The other day, I heard or half-heard (Radio 4 stays on constantly in the kitchen) that ‘the Social Contract’ has been – or, perhaps, is about to be – broken, and with what dire consequences . . . And what appeared to be meant by the Social Contract was the contract between generations for children always to do better, to have a better life than their parents.
But what kind of sense does this make, unless one is talking about countries a lot poorer than our own? How could each generation do better than the one before: a snakes and ladders concept which would soon go right off the edge of the board.
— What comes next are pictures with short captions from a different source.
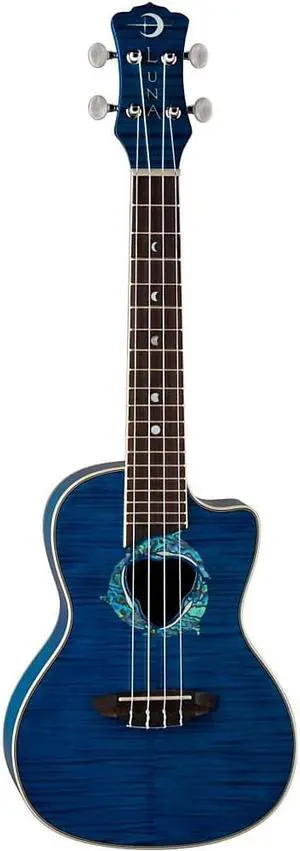 Luna Guitar Dolphin Concert Ukulele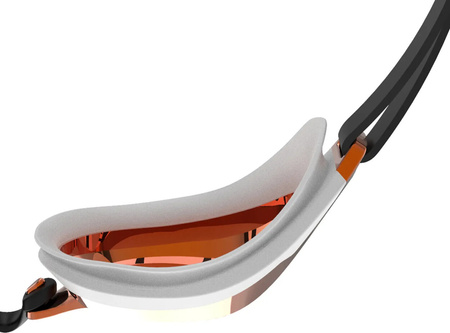 Okularki pływackie Speedo Fastskin Speedsocket 2 Mir Au black/white/fire gold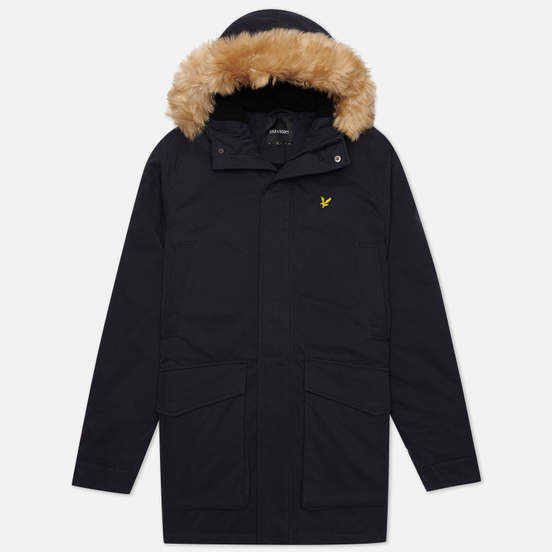 Мужская куртка парка Lyle & Scott Winter Weight Microfleece Lined Dark Navy
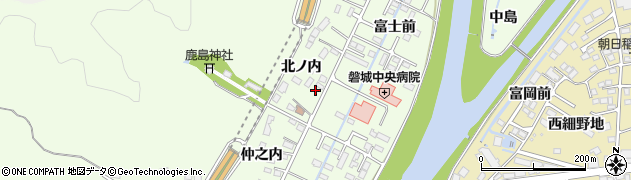 福島県いわき市小名浜南富岡北ノ内27周辺の地図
It is true, as my then teenage son pointed out long ago, that we – meaning me and his various parents – hit a good moment. When I think about it, not only were we able to get onto the housing ladder (not that we then thought of it like that), but we were too young to be unduly bothered by the war. I still have my shrapnel collection somewhere and have been left with a life-long appreciation of oranges and bananas, so plentiful now, but known only from picture books then. We were, moreover, protected from childhood obesity (another of today’s hot topics) by those buff-coloured ration books which, incidentally, also guaranteed equal shares for all.
But is that really what the Social Contract was about?
I had a dim memory of coming across the term in history lessons and googled it. And the answer, of course, was that the Social Contract went way beyond the disparity of incomes between generations. What concerned these great moral philosophers was an idea of something like universal sacrifice for the greater good and, particularly, the responsibility of government towards its citizens. Perhaps, too, citizens’ obligations to each other.
Certainly all these are increasingly rare. Everyone, it seems, is out for himself, like the Carillion bosses, so vividly described recently as ‘too busy stuffing their mouths with gold . . . ‘
And yet, and yet . . . the other day, also in the kitchen on Radio 4, I heard one story after another of people who had given up safe and well-paid jobs, to do something socially useful: bankers becoming teachers, accountants becoming social workers.
It seems that the precept of the Social Contract comes naturally to a lot of people, but not to those with the power to make life better for everyone, not just for themselves.